Raw data START

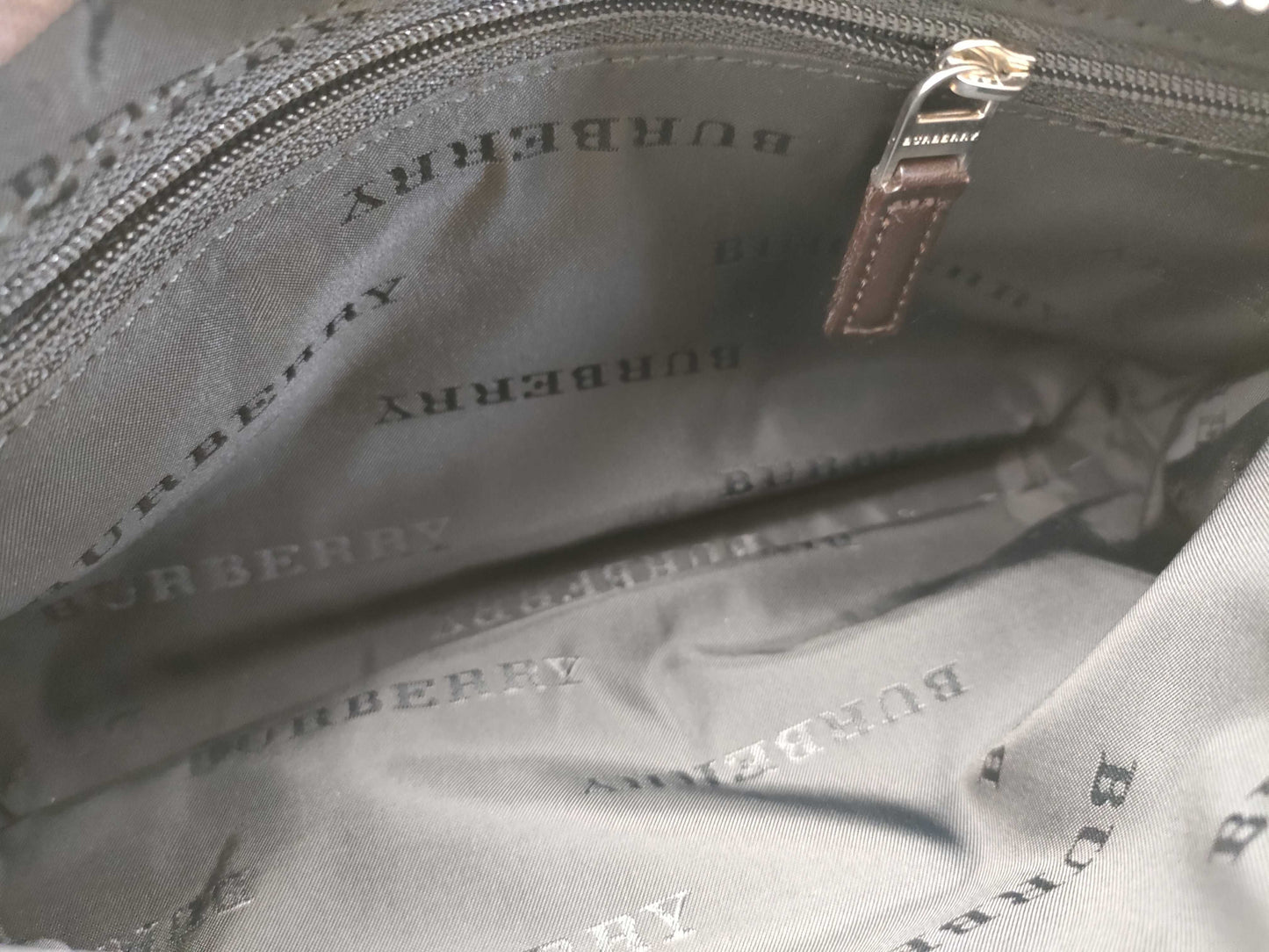 BURBERRY Check Pattern Nylon Canvas and Leather Shoulder Bag, Ivory and Brown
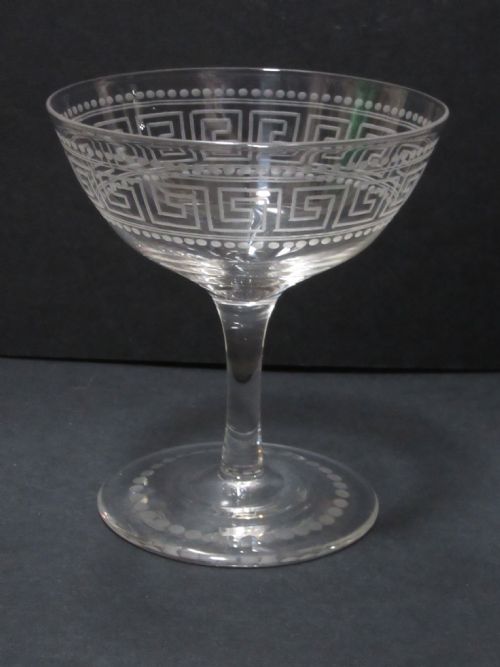 Fine Set of Four Greek Key Etched Champagne Saucers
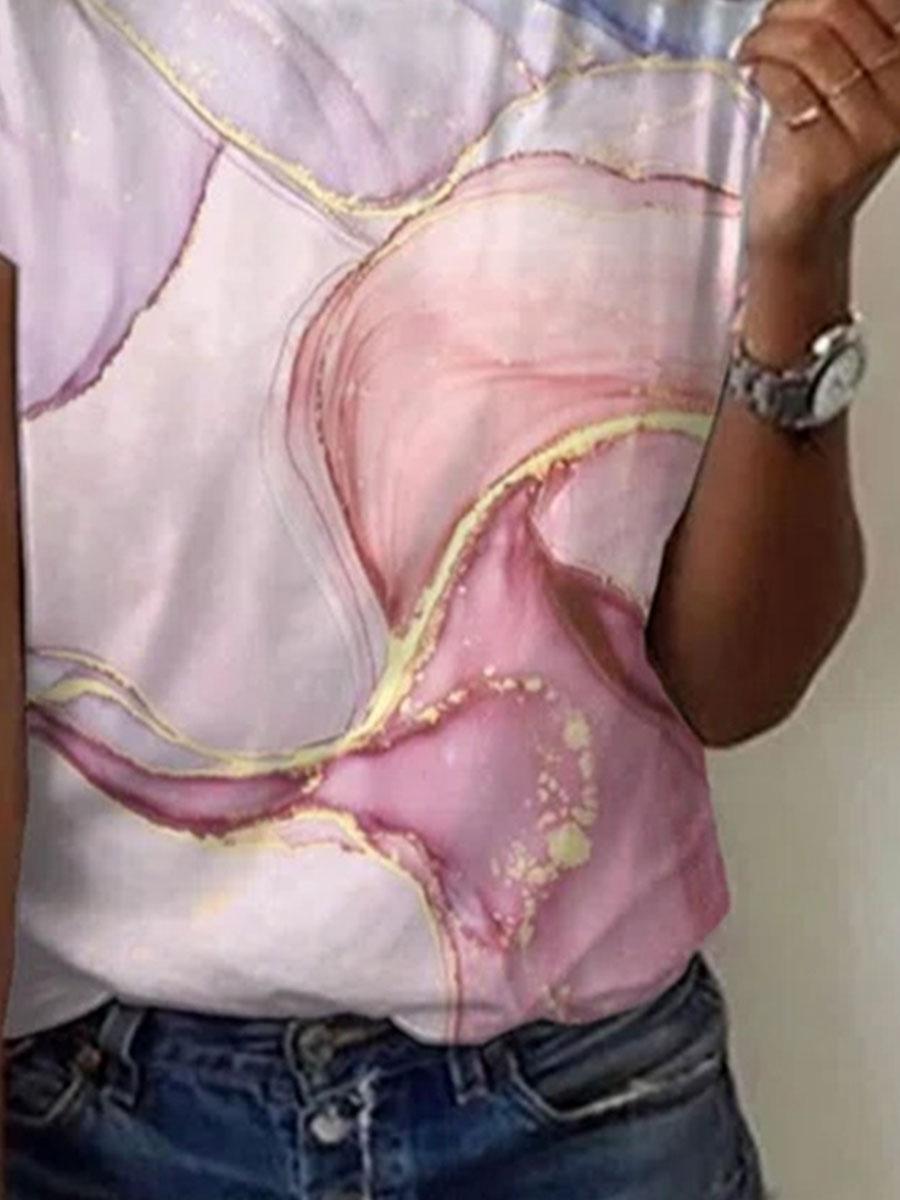 Casual Print Crew Neck Short Sleeve T-Shirt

Raw data END

**Task statement**
The answer should contain every line of the material exactly as written and no pictures.

**Solution to the problem**
 BURBERRY Check Pattern Nylon Canvas and Leather Shoulder Bag, Ivory and Brown
 Fine Set of Four Greek Key Etched Champagne Saucers
 Casual Print Crew Neck Short Sleeve T-Shirt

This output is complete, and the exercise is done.